▶ [Data extract]:
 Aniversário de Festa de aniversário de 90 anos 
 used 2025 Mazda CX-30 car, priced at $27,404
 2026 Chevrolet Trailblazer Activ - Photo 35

...

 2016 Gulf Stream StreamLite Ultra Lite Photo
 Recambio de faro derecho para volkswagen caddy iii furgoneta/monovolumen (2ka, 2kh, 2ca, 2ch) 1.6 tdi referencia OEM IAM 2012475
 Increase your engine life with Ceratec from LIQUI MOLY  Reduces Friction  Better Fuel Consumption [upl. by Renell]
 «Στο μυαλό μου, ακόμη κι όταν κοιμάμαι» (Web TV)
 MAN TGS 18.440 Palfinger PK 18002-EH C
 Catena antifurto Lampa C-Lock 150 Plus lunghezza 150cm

...

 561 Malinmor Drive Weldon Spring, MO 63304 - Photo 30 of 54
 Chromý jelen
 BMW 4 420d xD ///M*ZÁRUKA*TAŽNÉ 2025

▶ [Problem requirements]: Working from the material above, retype exactly the lines from the one with "used 2025 Mazda CX-30 car, priced at $27,404" through the one with "2026 Chevrolet Trailblazer Activ - Photo 35", both included, and only those lines.

▶ [Written solution]:
 used 2025 Mazda CX-30 car, priced at $27,404
 2026 Chevrolet Trailblazer Activ - Photo 35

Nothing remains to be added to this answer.